Is there a legal technical resource that really helped you when you started in the field?
Y Combinator’s startup school. It’s a free online program that founders can use to start and grow their business. When I got out of law school, I didn’t have that startup mentality. The StartUp School’s courses and materials helped me quickly get used to lean startup methodologies, starting an MVP, speaking to users, and so on.
What do you see as the most important emerging technology right now, legal or not?
What I currently see trending are tech-enabled services. In the past few years, technology has started working with people so businesses can serve more consumers with fewer people. In the legal industry, we are now seeing companies adopting technology for common legal services, such as: B. Easy Expunctions, Athena Collects, Simple Citizen, Hello Divorce, People Clerk. The list goes on. I see this trend will continue to help the legal industry provide legal services at a lower cost. In some areas, such as small claims, there is a large amount of work that a paralegal usually does to submit, serve, and prepare the litigant for the hearing. When we use technology to make a paralegal more efficient and automate other tasks, the paralegal becomes very efficient and can serve a large number of people.
What advice would you give other women interested in studying legal technology?

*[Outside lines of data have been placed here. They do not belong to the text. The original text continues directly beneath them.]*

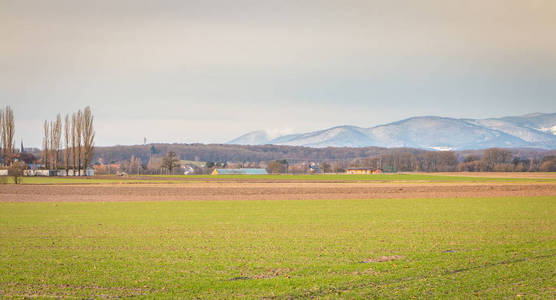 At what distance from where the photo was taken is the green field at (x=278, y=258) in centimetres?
1106

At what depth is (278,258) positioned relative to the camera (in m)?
14.8

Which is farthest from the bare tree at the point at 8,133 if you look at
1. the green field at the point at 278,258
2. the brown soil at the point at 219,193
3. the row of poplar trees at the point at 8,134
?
the green field at the point at 278,258

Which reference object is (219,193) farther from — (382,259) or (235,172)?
(235,172)

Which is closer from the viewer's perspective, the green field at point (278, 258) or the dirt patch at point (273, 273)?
the green field at point (278, 258)

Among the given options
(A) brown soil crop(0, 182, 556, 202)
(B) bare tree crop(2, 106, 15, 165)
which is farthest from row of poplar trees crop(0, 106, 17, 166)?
(A) brown soil crop(0, 182, 556, 202)

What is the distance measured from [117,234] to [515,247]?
54.0ft

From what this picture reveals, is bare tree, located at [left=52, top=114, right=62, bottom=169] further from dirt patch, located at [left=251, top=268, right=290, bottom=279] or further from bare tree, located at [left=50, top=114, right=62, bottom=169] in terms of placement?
dirt patch, located at [left=251, top=268, right=290, bottom=279]

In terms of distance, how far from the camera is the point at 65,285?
1139cm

1. Just start. While you will hear the same advice from so many others, it is definitely true. Many of us in legal engineering have a legal background that shapes us into risk averse individuals (or increases our risk intolerance). We have to learn to break the mold and try. Starting an MVP and learning from your users is very valuable. User feedback from a live product is essential.
2. Participate in the Legal Tech Community. Every week or so, Nick Rishwain puts on a show called LegalTechLIVE where he interviews legal tech startup founders and other community members. You can follow it live via the LegalTech Community Facebook group and ask questions. You can also get a twitter. The legal tech community is extremely active on Twitter.
Greet another legal engineering woman who you admire or have learned from!
Kristen Sonday, co-founder of Paladin (software that connects businesses to pro bono work). Kristen was such a great role model as an advocate of access to justice and diversity in legal engineering. Thank you Kristen for all of your support!
Register for the Women of Legal Tech Summit 2021!
From March 3, 2021 to March 4, 2021, attend the ABA Women Rainmakers Committee’s two-day symposium to bridge the gender gap in legal technology. On both days, the 2021 Women of Legal Tech Honorees from the ABA Legal Technology Resource Center will be recognized. Find inspiration in Ignite-style sessions with legal technology leaders, breakout sessions with executives in the field, and interactive workshops.